For Zeta, Yucatan hunkers down, shuts down businesses
After strengthening into a Category 1 hurricane, Zeta is bringing heavy rains and possible storm surges to regions drenched by Delta just three weeks earlier.
The storm entered Yucatan state around 1 a.m. Tuesday, the state Civil Protection Unit announced. The hurricane first battered the municipality of Chemax after crossing the state border with Quintana Roo, where widespread power outages and fallen trees and billboards were reported.
Nonessential businesses were ordered closed. And invoking the “ley seca” for at least the sixth time this year, the state government banned alcohol sales until further notice.

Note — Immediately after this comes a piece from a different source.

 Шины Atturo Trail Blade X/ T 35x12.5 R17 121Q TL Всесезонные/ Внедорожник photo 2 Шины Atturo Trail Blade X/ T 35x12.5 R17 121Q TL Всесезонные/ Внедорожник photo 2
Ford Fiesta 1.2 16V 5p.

Yucatan heightened its civil alerts, putting eastern Yucatan into a red zone, indicating maximum danger, beginning 7:30 a.m. Merida and Progreso were elevated from yellow to orange alerts.

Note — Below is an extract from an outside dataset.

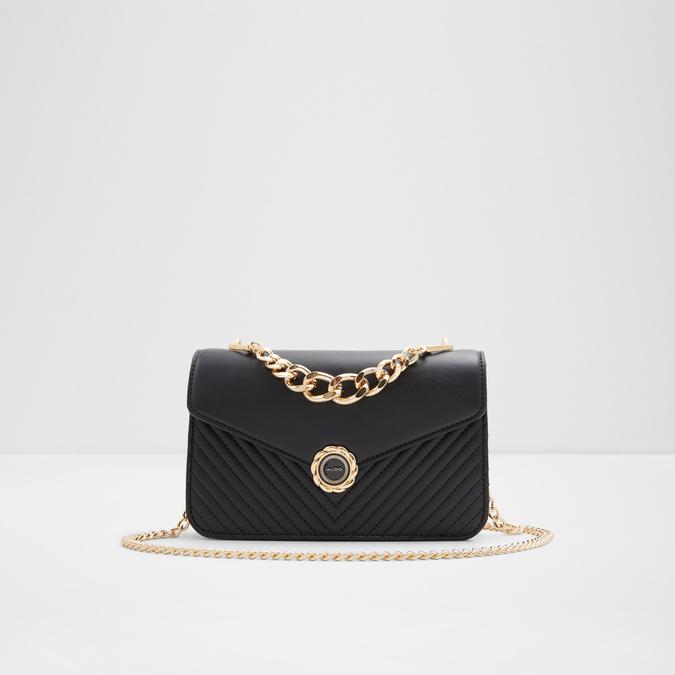 Nighthour Women's Black Cross Body image number 0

Zeta will be as close as 24 miles / 40 km from Merida, where strong winds and intense rains are anticipated roughly from 7 a.m. to 6 p.m. Storm surge warnings were issued from Tulum to Progreso.
The National Hurricane Center forecasts the storm weakening over land, downgrading to a tropical storm before reentering water at Dzilam de Bravo and again gaining force in the Gulf of Mexico on its way to the United States.
Hurricane warnings extend from Morgan City, La., to the Mississippi/Alabama border, including Lake Pontchartrain, Lake Maurepas, and metropolitan New Orleans.